How to Pick Interior Paint for a House: Tips for Color Scheme Selections for Inside the Home

How to Pick Interior Paint for a House: Tips for Color Scheme Selections for Inside the Home

Painting is probably the most frequently done amateur home remodel. It seems like a no-brainer: move the furniture, spread the drop cloths, prep the walls and woodwork, go to the paint store and pick the color, roll out a couple of coats, and voila, a delightful new room. Too bad if , after all that work, the new room is darker or lighter than expected, or worse, the color turns out to have a green or purple tint that didn’t show up in the can or even in the first coat.

Understand Color Theory Basics

Professionals describe color using three terms-hue, value, and intensity. Simply put, value refers to how light or dark the color is. Hue describes the color itself-green, brown, gold, etc. Intensity is a bit more complicated. Every school child is introduced to the primary colors, red, yellow and blue, and the secondaries, orange, green and purple. Primary colors are the only pure colors that exist. All other colors are created by mixing a combination of hues. Intensity refers to color saturation- the amount of pure color in a given tint, which can be seen as the difference between the red of a firetruck, and the red of a flowerpot.

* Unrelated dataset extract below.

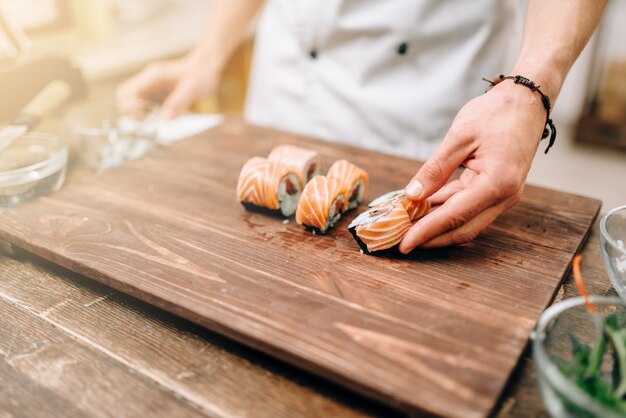 Male person cooking sushi, japanese kitchen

Look Closely at So Called Neutrals

Since all colors except the primaries are made by mixing pigments together, every color belongs to a specific family. Beige may be a soft, light brown, but it is also a soft light brown with a pink, yellow, grey, green, or peach cast. The differences may seem infinitesimal, but put a beige-to-the green sofa against a beige-to-the pink painted wall, and the effect is bilious. When selecting a neutral, pay attention to the deeper colors that appear on the same card or page. The light neutral on the top of a page of gold will show a warm, yellow, or creamy tint on a large surface, beige on a card of taupes will be pink, etc.

Ignore Color Names

Color names have no more to do with colors that product names have to do with products. While names like Hunter Green, Candy Apple Red, and Navy Blue do have some recognizable meaning, Moonglow Mist and Sierra Beige can mean almost anything, including the name of the paint company president’s boat, or where he spent his summer vacation.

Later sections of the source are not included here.